Here, you will learn about various types of collaborative filtering techniques, and algorithms to build a recommendation engine with Python and Hex. You will also see various evaluation metrics to test collaborative filtering.

Types of Collaborative Filtering

There are mainly three types of Collaborative Filtering methods:

User-based Collaborative Filtering

User-based collaborative filtering treats you like a picky eater by understanding what other users with similar tastes enjoyed in the past (their ratings or purchases) and recommends items for you.

  • Pros:

    • Serendipity: Discovers unexpected items you might enjoy based on similar users' tastes.

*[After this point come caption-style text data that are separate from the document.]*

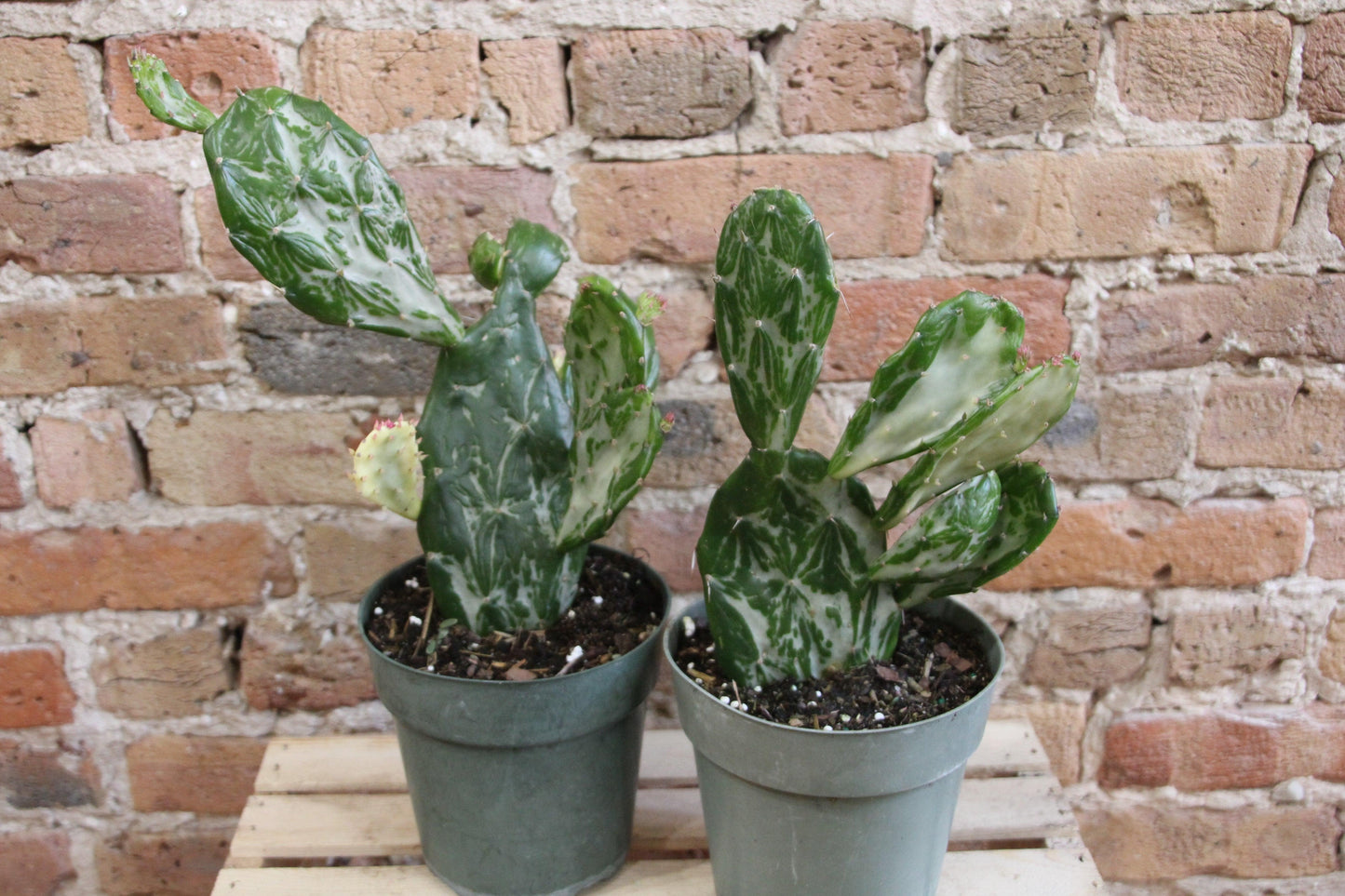 Cacti, Opuntia Cochenillifera 'variegata' - View 8 from www redcrocus com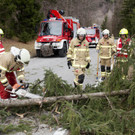 FW Rweil Baum Stra__e 07.jpg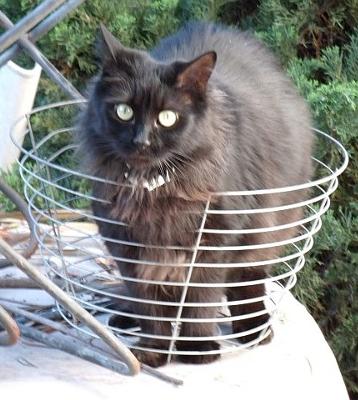 Basket Case!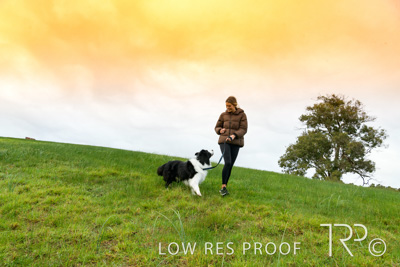 July 2021 / BOW_WOW_210713_096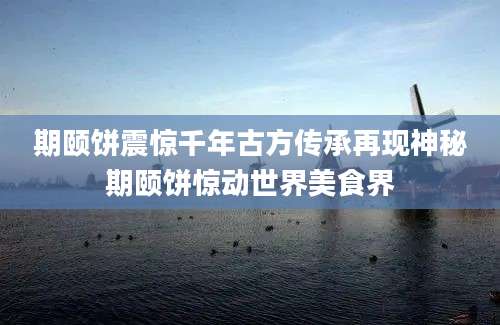 期颐饼震惊千年古方传承再现神秘期颐饼惊动世界美食界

    • Effective for niche interests: Works well for finding recommendations in specific genres or subcultures with a dedicated user base.

  • Cons

    • Cold start problem: New users need more comparative data, making recommendations difficult.

    • Sparsity: When few users have rated specific items, accurate recommendations become challenging.

    • Scalability: Finding similar users gets computationally expensive with a massive user base.

Item Based Collaborative Filtering

Item-based collaborative filtering (IBCF) is like asking, "What else goes well with this?" Instead of focusing on similar users, it recommends items users enjoyed alongside what they liked previously or the content they watched the most. IBCF analyzes past user data to find items frequently purchased or rated together with your initial item (e.g., movies often watched after a specific one).

  • Pros:

    • Less susceptible to cold start problem: New items can be recommended based on their similarity to existing items.

    • Handles data sparsity better: Even with limited ratings for specific items, it recommends based on similar, well-rated items.

    • Efficient for large datasets: Finding similar items is generally faster than finding similar users, especially with a massive user base.

  • Cons:

    • Limited to existing item relationships: Can't recommend entirely new categories or items outside the current network of behavior.

    • Overspecialization: Users might get stuck in an echo chamber of similar items, limiting exposure to diverse recommendations.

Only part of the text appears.